Posted in Uncategorized | Leave a comment

Blog Post 2

The first article goes into depth of a certain group called the “Freedom Painters”. These “Freedom Painters” are the ones who are responsible for creating the different express of graffiti art in Egypt and Tunisa. Many of their painting include political figures, their view on the revolution, and a push for people to go vote in order for their voices to be heard. A really unique idea that I read from this article, is that the author of this article describes the painter to be your typical average joe. He states “while many might see graffiti as vandalism, a criminal act carried out by hoodie wearing hooligans, for the Freedom Painters it’s quite the opposite. Onlookers say that the group, and others like them, are artistic activists.” Leading to the second article, these activist called their canvas, “Freedom Walls”. The author of articles notes that the murals are “mystical, angry, hopeful, and irreverent.”

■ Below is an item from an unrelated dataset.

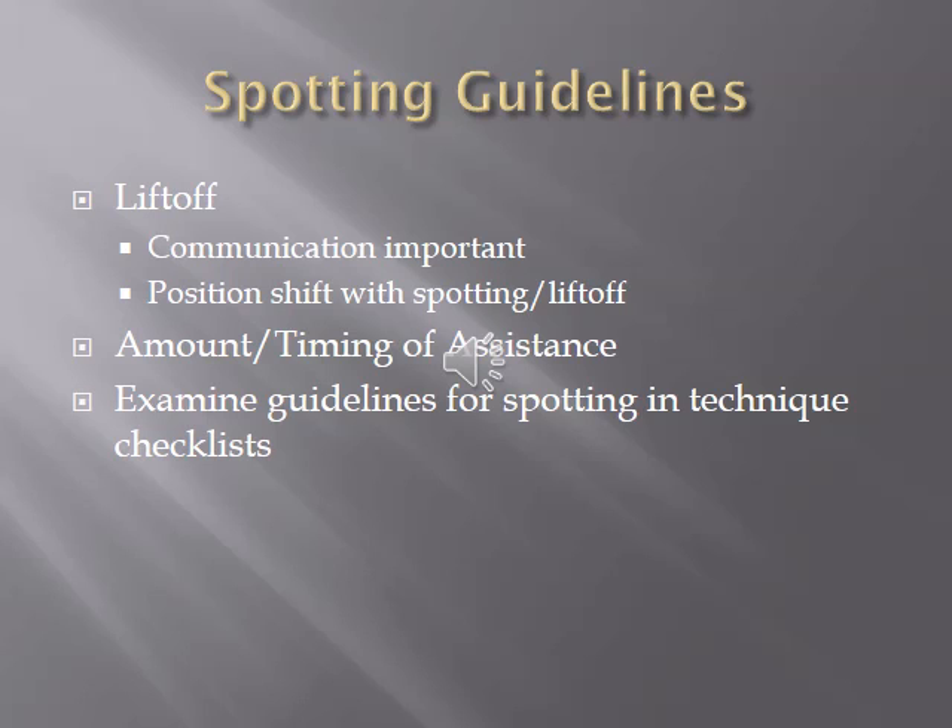If you're going for a maximum attempt or something you've never done before, let the spotter know. For supramaximal loads — going above your max to stress the eccentric portion — tell them you'll lower it under control and they should help with the concentric. For a force rep, tell them to give just enough assistance to complete the lift, not to take the barbell away. Review your textbook guidelines for spotting each of the core primary lifts like the bench press and squat.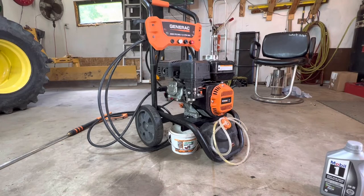This is a quick video on changing the oil on a Generac 2800 PSI pressure washer. I've seen a couple online and they're terrible, so I'm going to make this one nice and quick.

Posted in Uncategorized | Leave a comment

Blog Post 1

For my digital project, I decided to focus my theme on the graffiti art in egypt. After watching The Square in class, I was really fascinated with art that the egyptians presented on their walls. It was a statement of a new peaceful and rebellious protest against the political reign. The first article that I stumbled up gives a brief introduction how graffiti has a certain stigma in different parts of the world but in Egypt its a political stance. The author notes that this “vandalism” has different prospective. The egyptian government views as a nuisance where as the citizens of egypt view it as a person dairy/reflection on the revolution. The second article captures images of the actual art and presents how different people view it. For example, in the beginning, there is a couple happily taking a picture of the graffiti. On the other hand, there is a photograph of how the government would paint the walls white. Despite the government painting them, the artist would go back to wall and create another design.